If you haven’t seen this film, I strongly urge you to do so once it is released on DVD wherever you reside. We Need to Talk About Kevin follows a mother (Tilda Swinton) and the aftermath of a horrendous tragedy. Most of the film, however, is flashbacks to the beginning – the beginning of the tragedy that is Kevin. We see him as a newborn, a toddler, a little boy, and finally, a disturbingly dark, twisted teenager. Another film I love that debates the theory that people can be born bad, as well as nature vs. nurture, this one is psychological and actually features very little violence. If you want to see the development and upbringing of a psychopath, this one’s definitely for you!
Like some of my reviews, I will try not to divulge any major details, as this film is one you must experience on your own, and you cannot really grasp its power unless you do. I must say, and this is definitely the girly girl in me coming out, that Ezra Miller (teenage Kevin) is gorgeous. Not like, “OMG, he’s so hawt”, but he’s just a beautiful specimen. The fact that he can act extremely well only adds to his attractiveness. Probably not since Patrick Bateman has a psychopath really grabbed our attention, and hormones. Okay, that’s enough fawning, because it makes me sound unprofessional, but it is the truth. He is a fabulous young actor and has a bright future. Watching a little kid grow up to be completely apathetic and sociopathic is sheer genius, and I really don’t think any other set of actors could really pull this off. That said, John C. Reilly as Kevin’s dad, and Eva’s husband, is a strange choice, because frankly, it is weird to see Swinton and Reilly’s characters get it on. It’s just awkward. But, that said, I think it adds to the message of the movie. They never really seemed to connect to one another despite being married and the parents of two children. This disconnect adds to the tension of Eva’s suspicions about Kevin being really “off” since birth, as he is pretty close to his father and his dad never sees his bad side. This is usually what happens – one parent gets the shitty side, and the other gets the glowing, perfect child. That part is really scary, because to me, it means that Kevin knows what he’s doing and can manipulate any situation to his advantage. Even when he is a young child, his father always stands up for him, using the typical “boys will be boys” farce of an explanation. Kevin is really fucked up and twisted since birth and it only grows more intense and palpable as he matures into adolescence. Some attribute this to Eva never connecting to her son or feeling that motherly love, or it could be said that he is simply not all right from day one, which contributed to Eva feeling as if she never could fully connect in a maternal way. You could cut the tension with a knife, and you really get the sense that you’re a fly on the wall of this family.

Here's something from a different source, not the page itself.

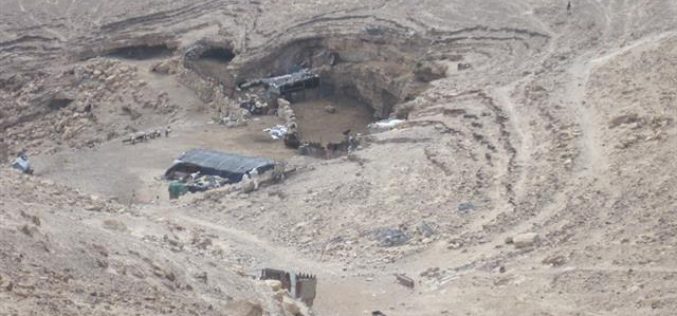 Stop Work and Demolition Orders against Palestinian Structures and Caves in Arab Al Rashayda Village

Without giving away too much, many aspects of the film foreshadow the ultimate outcome, and even small things seem to connect by the end of the film. Kevin also injures his little sister, tricks his mom into giving her computer a virus, and even kills his sister’s pet. Though there is nothing really gory in this film, you can feel the emotional side of it, rather than having gore shoved in your face for its own sake. Some movies don’t require it, and this is absolutely one of them. You should check this film out if you’ve not seen it, as it comes highly recommended. It may start a little slow, but give it time and a chance, and it will blow your mind. Fantastic, fantastic film.